═══ Given data

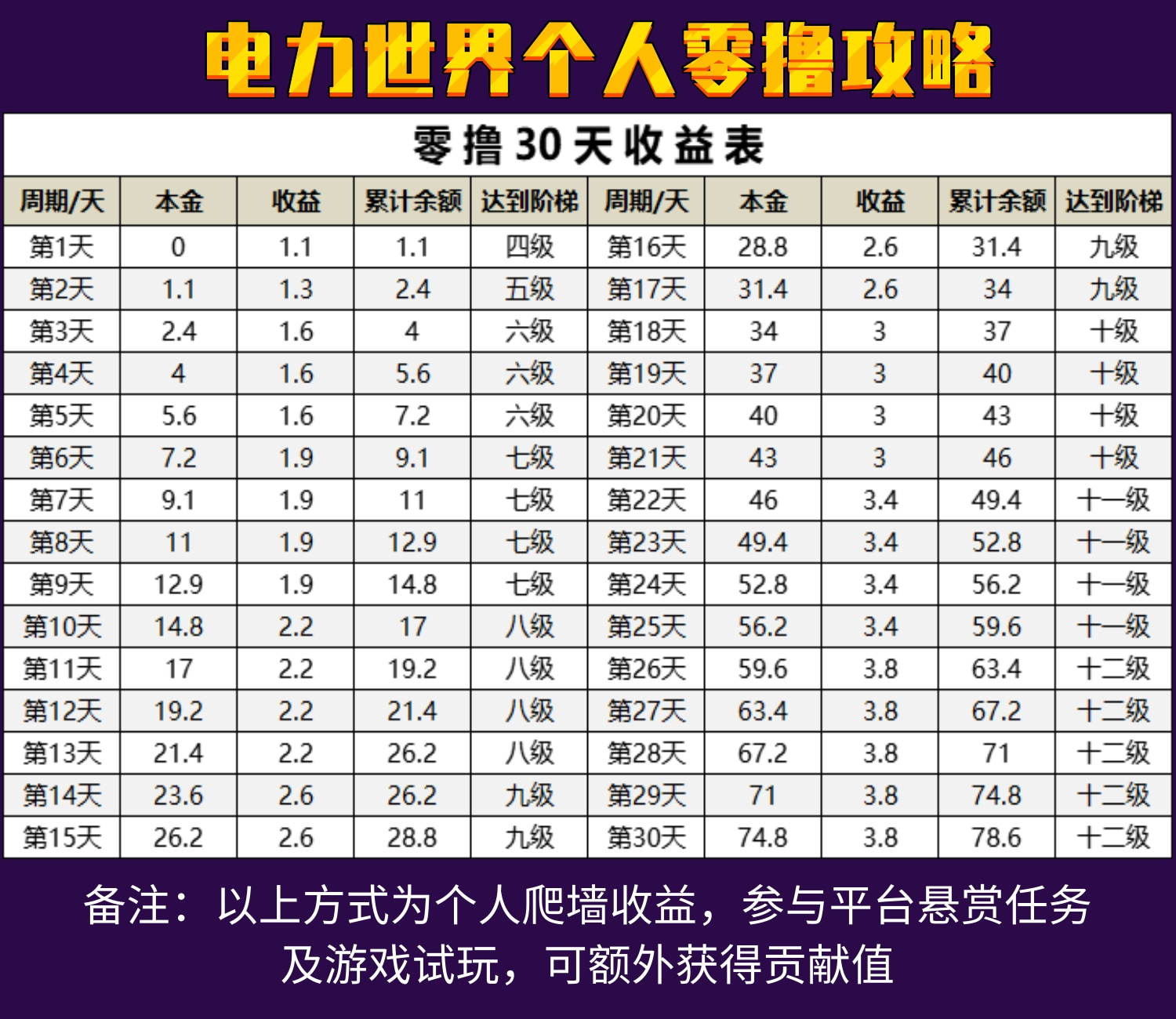 电力世界!爬墙二级收益!无广告!纯零撸!零撸每日爬墙!持久生米!年度黑马!(4) 电力世界!爬墙二级收益!无广告!纯零撸!零撸每日爬墙!持久生米!年度黑马!(4)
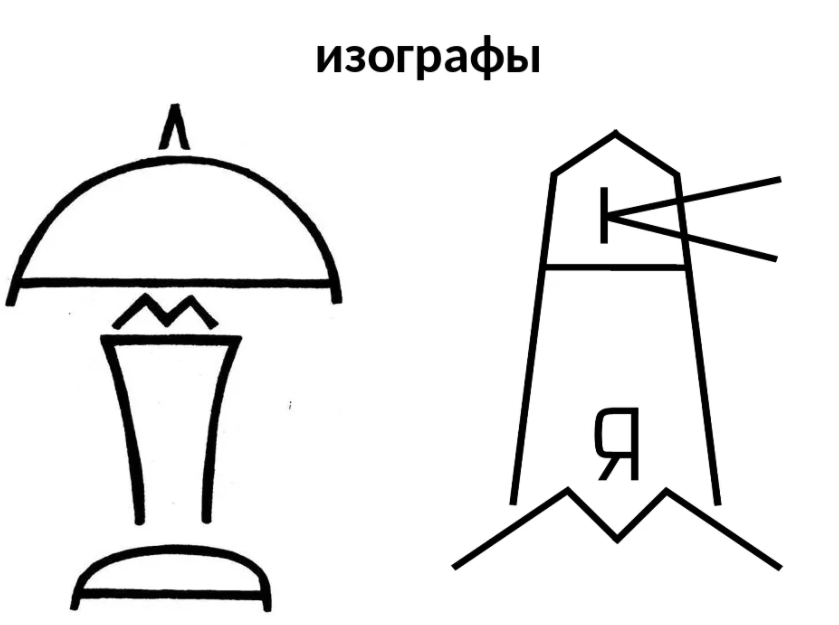 Изографы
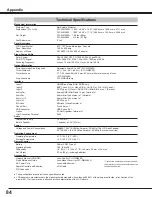 Preview for 84 page of Sanyo PLC WM5500L Owner'S Manual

══════

Please reproduce each line of the listing above exactly, skipping pictures.

 电力世界!爬墙二级收益!无广告!纯零撸!零撸每日爬墙!持久生米!年度黑马!(4) 电力世界!爬墙二级收益!无广告!纯零撸!零撸每日爬墙!持久生米!年度黑马!(4)
 Изографы
 Preview for 84 page of Sanyo PLC WM5500L Owner'S Manual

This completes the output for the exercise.